Authored article

Food matters

Richard Sangster, leader of the DH obesity policy team, looks to the future of food in the fight against childhood obesity.

A healthy food environment is incredibly important for all of us: we are what we eat, and the number of overweight and obese people in the UK suggests that too many of us are eating too much unhealthy food.

Ready meals, supersize portions and fast food shops on every corner: the food environment has changed dramatically over the past 30 years, closely mirroring the alarming rise in obesity levels. Obesity is a complex problem that can’t be explained by our eating habits alone, but it’s clear that obesity rates have increased as many foods have become higher in sugar, salt, fat and calories.

Sugar reduction

Reducing childhood obesity is a top priority, and to make it happen we will need to transform the food environment and our attitude to food. The government’s Childhood Obesity Plan, published in August, sets out some important steps with the soft drinks industry levy and our ambitious sugar reduction programme that will see 20% of sugar taken out of food and drink that contributes the most to children’s sugar consumption. Since August, teams across government have begun to implement the actions in the plan, while continuing our wider programme to tackle obesity.

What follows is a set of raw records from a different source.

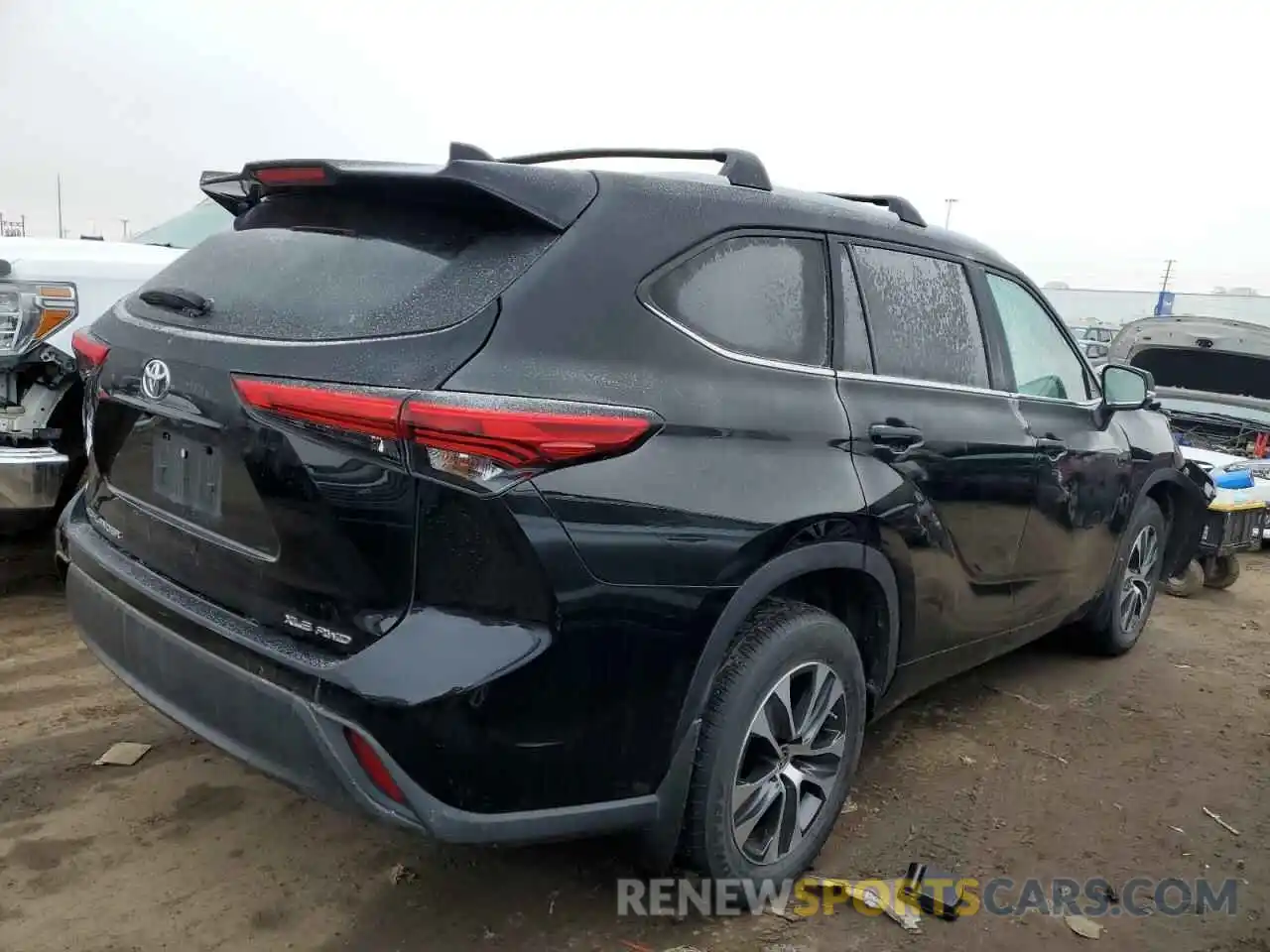 3 Photograph of a damaged car 5TDKDRBH5PS017761 TOYOTA HIGHLANDER 2023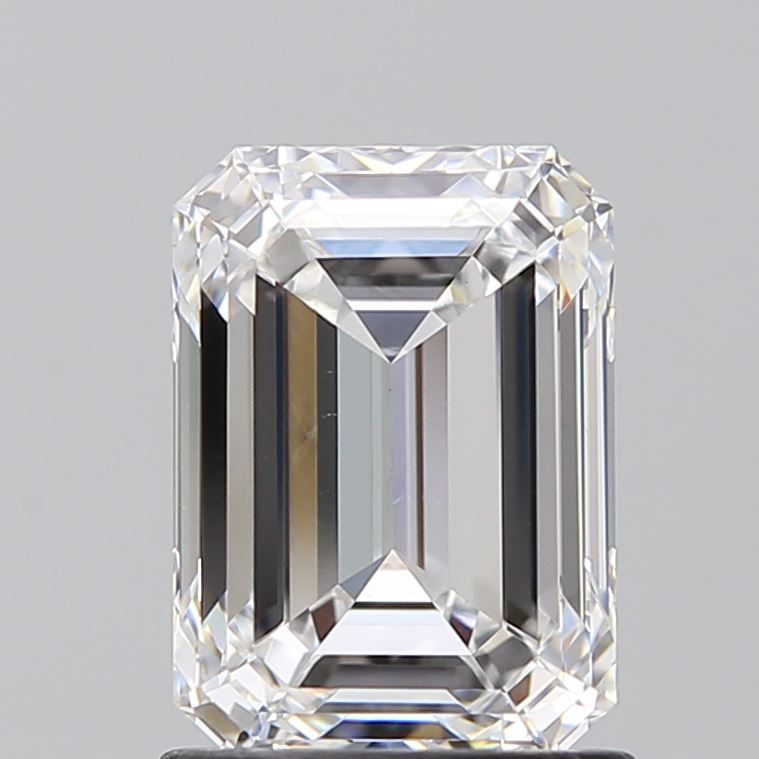 2517029109 Diamant Natural EMERALD VS1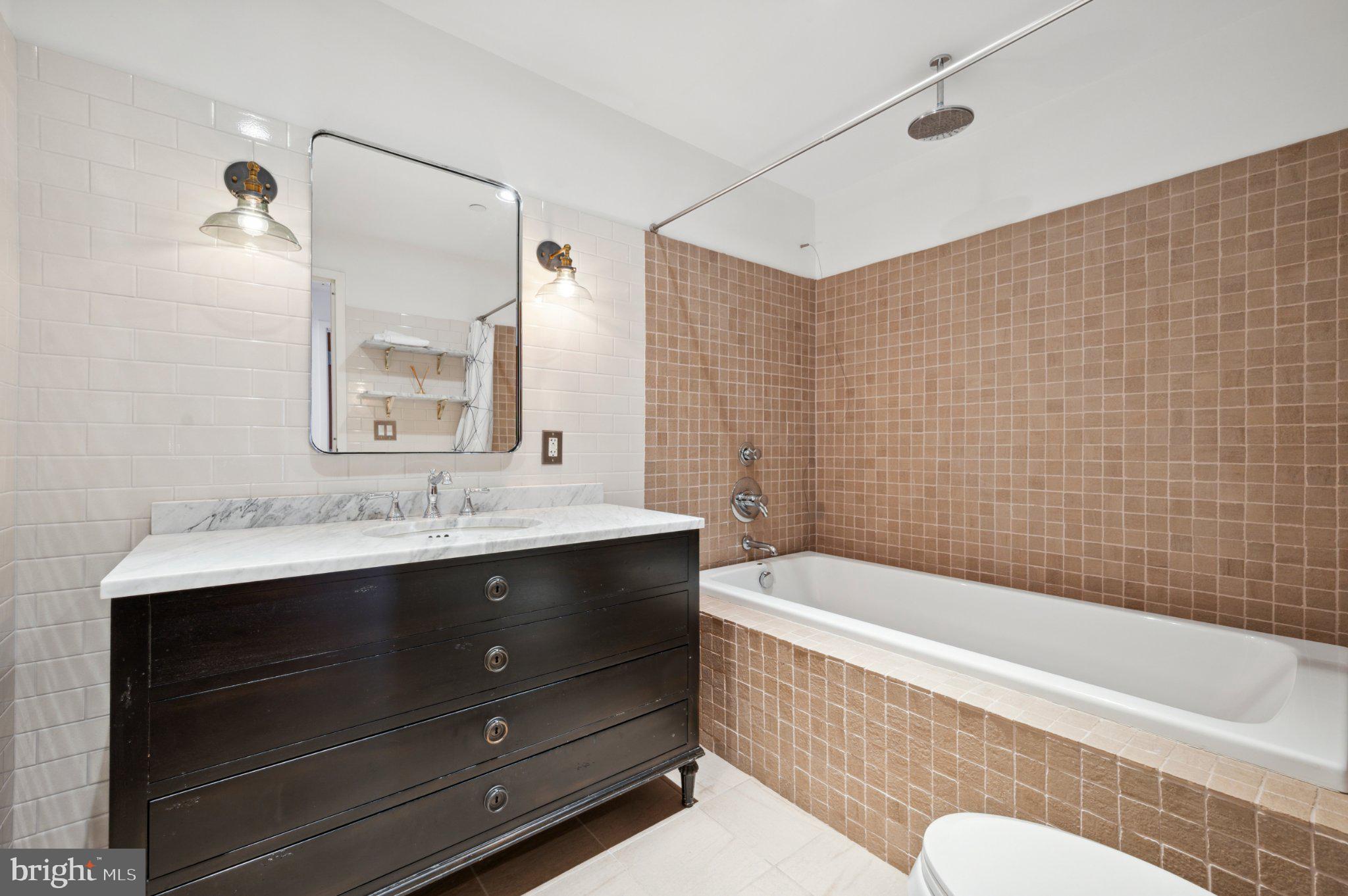 CENTER CITY - Residential
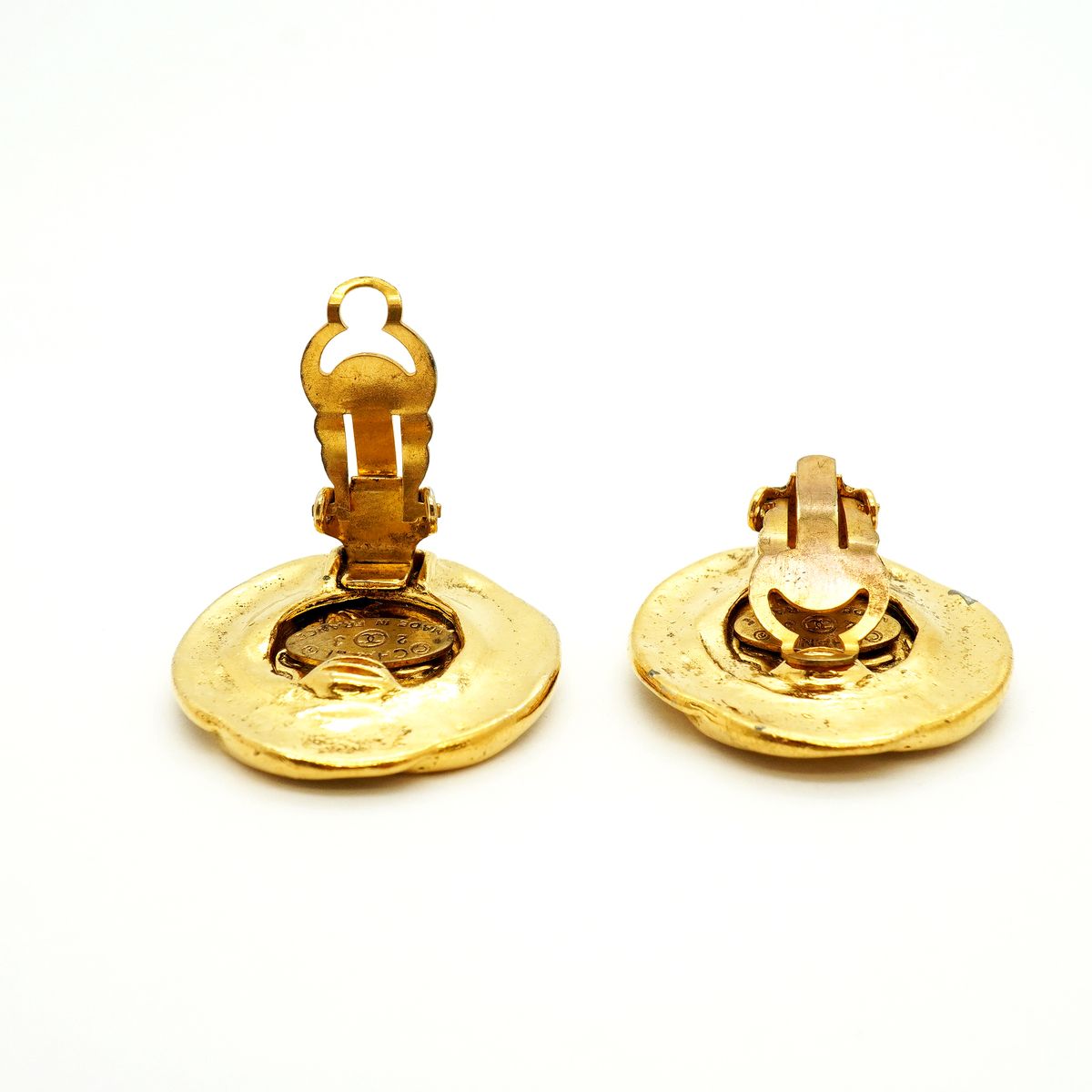Chanel Earrings Vintage CC Logo Gold Plated — view 3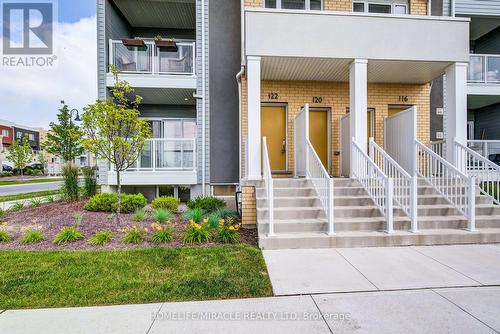 122 Seabrook Drive S, Kitchener, ON - Outdoor With Balcony With Facade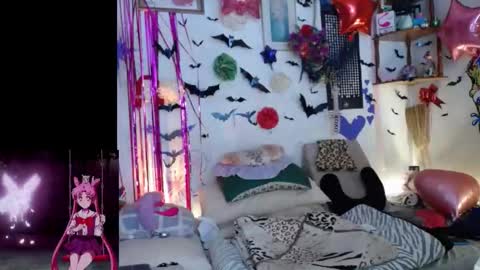 purplekattlyn online show from February 21, 4:48 am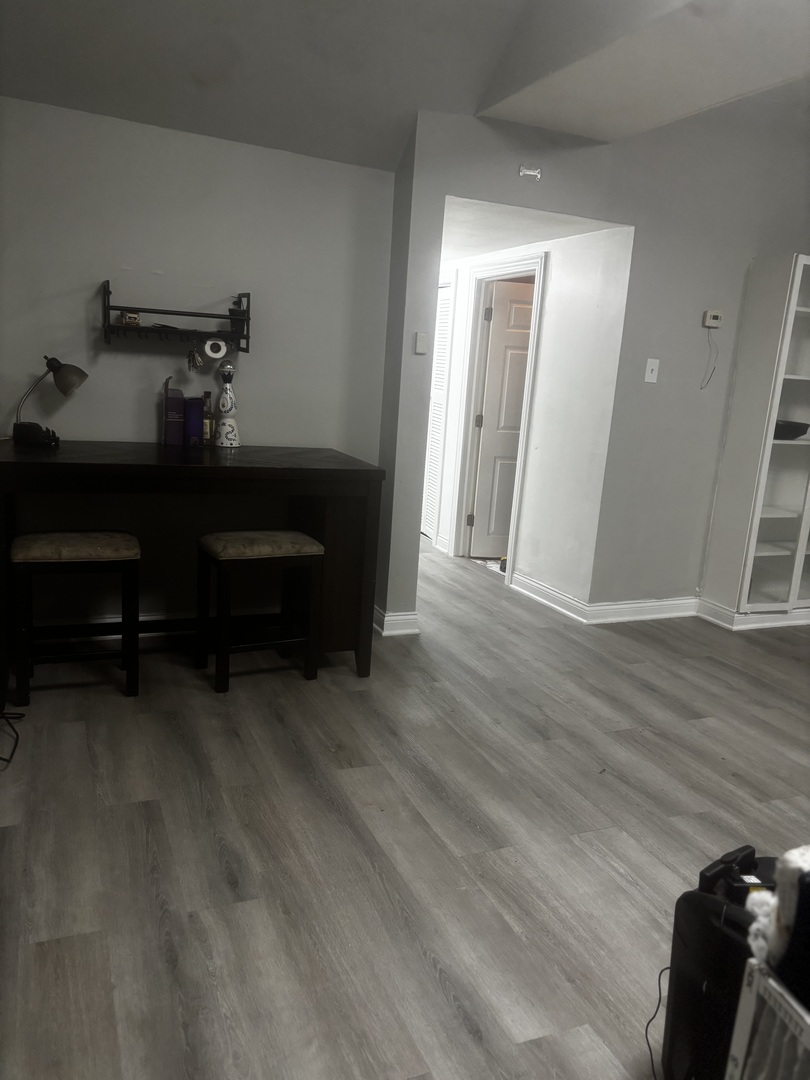 6813 S Wabash Avenue Property Photo 5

Sugar reduction is a challenge, but forward-thinking businesses are beginning to respond with enthusiasm. We have already seen major brands including Tesco, Lucozade, Waitrose and Petits Filous cut sugar from some of their main products, and this this is just the start of a collaborative effort to offer consumers healthier food choices. Public Health England has already laid some solid foundations at their recent series of meetings on sugar reduction with representatives from the food sector, which we will continue to build on.

Food and education innovation

Meanwhile, the Food Matters Live event in November showcased a variety of food innovations and a glimpse into the future of the food environment. We know that consumers are demanding healthier products, and the many health-conscious products on show at Food Matters Live demonstrated that industry is responding.

And it wasn’t just food that was on display. Innovation in food education, such as virtual reality journeys around the body, demonstrated technology’s potential to influence the way we think about food and help children better understand the benefits of a healthy diet.

Working with the food and drinks industry

We know that a healthy food environment really matters, so it’s fantastic to see so much early progress on sugar reduction and so many industry players ready to embrace the future in encouraging healthier behaviours. As part of this continuing momentum, the government has issued its response to the consultation on the soft drinks industry levy, and primary legislation will be in the Finance Bill in 2017. We will continue to work together with the food and drink industry and a range of other stakeholders to make sure that the food environment of the future is healthier for everyone. As the voluntary progress continues, we will review how much impact the plan is having and whether any further steps need to be taken.